For examples of what I mean, look at the following:
MTW page 208 and 209, which is section 8.5, Parallel transport, covariant derivative, connection coefficients, geodesics. On page 208, 2nd paragraph, they say that the gradient of a tensor field is ## \boldsymbol \nabla \boldsymbol T ##. So that defines the gradient operator as ## \boldsymbol \nabla ##. In elementary calculus, including 3-D, Cartesian vector calculus, I was taught that the gradient operator is defined as ## \boldsymbol \nabla \equiv \left ( \frac {\partial} {\partial x^i} \right ) {\boldsymbol {\hat x}}_i ##, a differential operator that is a vector. We write it that way to emphasize that the partial derivative does not operate on the basis vector. A very important point is that the gradient operator has to include the basis vectors of the coordinate system being used because they will be used to form the dot product with the basis vectors in the tangent vector of the curve to produce the total derivative, with respect to the parameter of the curve, of the given scalar field along a given curve. Later I learned that this doesn't work well in an arbitrary, curvilinear coordinate system, so it is convenient to change the definition of the gradient operator to be a one-form ## \boldsymbol \nabla \equiv \left ( \frac {\partial} {\partial \xi^\gamma} \right ) {\boldsymbol {\widetilde \xi}}^\gamma##.
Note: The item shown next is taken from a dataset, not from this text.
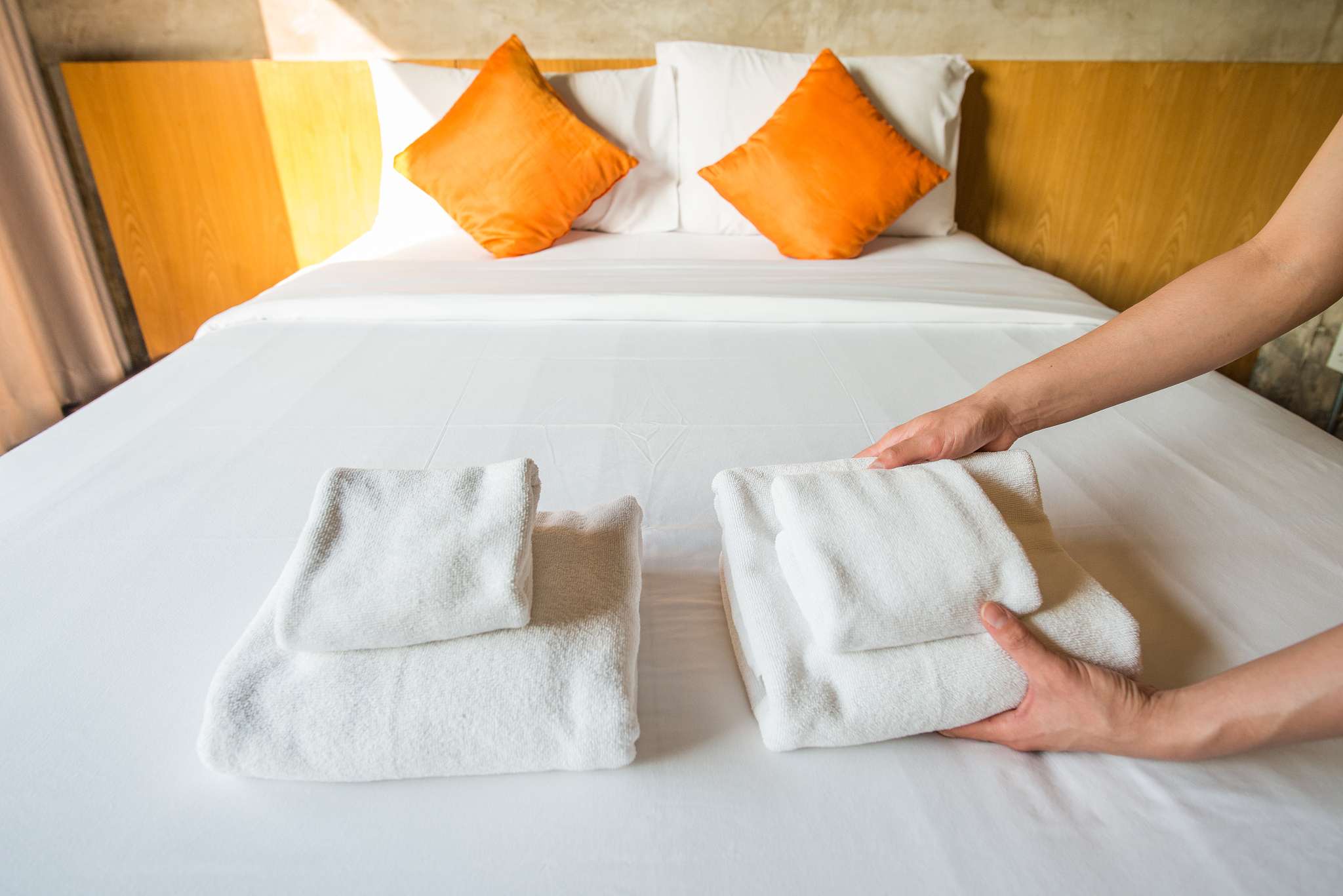 close up of hotel maid arranging the set of towels on bed.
So, if that's true, then letting ##\boldsymbol T = T^\rho_\lambda {\boldsymbol e}_\rho \otimes {\boldsymbol \omega}^\lambda ##, we can write ## \boldsymbol \nabla {\boldsymbol T} = \left (\frac {\partial{\boldsymbol T}} {\partial \xi^\gamma} \right ) \otimes {\boldsymbol {\widetilde \xi}}^\gamma = \left ( {\nabla}_\gamma T^\rho_\lambda \right ) {\boldsymbol e}_\rho \otimes {\boldsymbol \omega}^\lambda \otimes {\boldsymbol {\widetilde \xi}}^\gamma = \left ( T^\rho_{\lambda;\gamma} \right ) {\boldsymbol e}_\rho \otimes {\boldsymbol \omega}^\lambda \otimes {\boldsymbol {\widetilde \xi}}^\gamma ##.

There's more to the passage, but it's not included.